Tantangan dan Hambatan dalam Menarik Investasi
Meskipun target telah ditetapkan, jalan menuju pencapaian angka Rp 8.705 triliun tidaklah mulus. Ada sejumlah tantangan yang harus dihadapi oleh pemerintah dan pelaku pasar secara bersamaan.
Pertama adalah dinamika geopolitik global. Konflik di berbagai belahan dunia seringkali memicu ketidakpastian pasar keuangan, yang berakibat pada perilaku investor yang cenderung "wait and see". Kedua, tingkat suku bunga global yang masih fluktuatif dapat mempengaruhi biaya modal (cost of capital) bagi para investor.
Selain itu, tantangan domestik seperti birokrasi yang terkadang masih kompleks dan isu kepastian hukum juga menjadi catatan penting.

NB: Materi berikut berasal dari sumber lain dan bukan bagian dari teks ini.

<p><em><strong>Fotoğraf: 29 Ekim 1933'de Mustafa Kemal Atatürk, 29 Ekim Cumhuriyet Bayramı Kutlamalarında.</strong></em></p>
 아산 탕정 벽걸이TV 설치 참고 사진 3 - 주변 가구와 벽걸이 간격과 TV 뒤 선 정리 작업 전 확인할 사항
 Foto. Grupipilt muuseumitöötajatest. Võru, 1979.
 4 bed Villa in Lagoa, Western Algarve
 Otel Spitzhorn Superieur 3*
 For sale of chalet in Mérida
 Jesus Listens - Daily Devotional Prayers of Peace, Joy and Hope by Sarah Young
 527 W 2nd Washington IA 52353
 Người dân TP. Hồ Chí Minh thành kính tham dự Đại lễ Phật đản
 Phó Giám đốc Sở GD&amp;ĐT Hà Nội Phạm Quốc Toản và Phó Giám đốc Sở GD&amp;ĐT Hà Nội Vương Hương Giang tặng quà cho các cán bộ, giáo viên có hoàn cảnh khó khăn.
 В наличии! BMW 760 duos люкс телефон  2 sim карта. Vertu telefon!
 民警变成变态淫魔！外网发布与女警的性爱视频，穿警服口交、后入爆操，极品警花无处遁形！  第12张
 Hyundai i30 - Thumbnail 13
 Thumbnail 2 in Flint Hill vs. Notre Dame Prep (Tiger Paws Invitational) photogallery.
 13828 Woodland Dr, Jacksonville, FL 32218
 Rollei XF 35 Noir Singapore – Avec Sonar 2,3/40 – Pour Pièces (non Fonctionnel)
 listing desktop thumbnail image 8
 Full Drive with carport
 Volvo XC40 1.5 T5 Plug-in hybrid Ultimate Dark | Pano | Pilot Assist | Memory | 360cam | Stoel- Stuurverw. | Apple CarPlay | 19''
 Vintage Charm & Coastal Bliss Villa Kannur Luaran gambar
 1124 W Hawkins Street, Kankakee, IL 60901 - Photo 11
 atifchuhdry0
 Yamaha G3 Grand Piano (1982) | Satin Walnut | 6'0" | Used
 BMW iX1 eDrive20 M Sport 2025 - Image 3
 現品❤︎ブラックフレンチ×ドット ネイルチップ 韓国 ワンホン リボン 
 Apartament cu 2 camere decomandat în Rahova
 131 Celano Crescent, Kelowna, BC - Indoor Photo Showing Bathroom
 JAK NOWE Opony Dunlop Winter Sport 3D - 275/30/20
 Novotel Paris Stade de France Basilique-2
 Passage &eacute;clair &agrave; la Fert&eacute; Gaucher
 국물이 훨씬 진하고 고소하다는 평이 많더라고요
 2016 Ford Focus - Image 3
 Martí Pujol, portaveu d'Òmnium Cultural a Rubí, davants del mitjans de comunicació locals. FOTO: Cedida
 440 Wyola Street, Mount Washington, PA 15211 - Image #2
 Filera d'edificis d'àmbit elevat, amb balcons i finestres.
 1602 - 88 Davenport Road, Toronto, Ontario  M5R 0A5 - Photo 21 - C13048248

Pemerintah melalui Kementerian Investasi/BKPM terus berupaya melakukan simplifikasi regulasi melalui sistem OSS (Online Single Submission) untuk menjawab kekhawatiran tersebut. Efisiensi birokrasi dan transparansi akan menjadi kunci agar Indonesia tetap kompetitif dibandingkan negara-negara tetangga di kawasan ASEAN.
Kesimpulan
Kebutuhan investasi sebesar Rp 8.705 triliun merupakan refleksi dari ambisi besar Indonesia untuk memperkuat fundamental ekonomi dan mencapai pertumbuhan yang berkelanjutan. Meskipun angka ini terlihat sangat besar, hal ini merupakan konsekuensi logis dari langkah transformasi ekonomi yang sedang diambil oleh pemerintah.
Keberhasilan mencapai target ini akan sangat bergantung pada kemampuan pemerintah dalam menjaga stabilitas makroekonomi, menciptakan iklim investasi yang kondusif, serta menjalin kolaborasi yang erat antara sektor publik dan swasta, baik dari dalam maupun luar negeri. Dengan strategi yang tepat dan fokus pada sektor-sektor bernilai tambah tinggi, target investasi ini bukan sekadar angka di atas kertas, melainkan fondasi menuju Indonesia yang lebih maju dan mandiri secara ekonomi.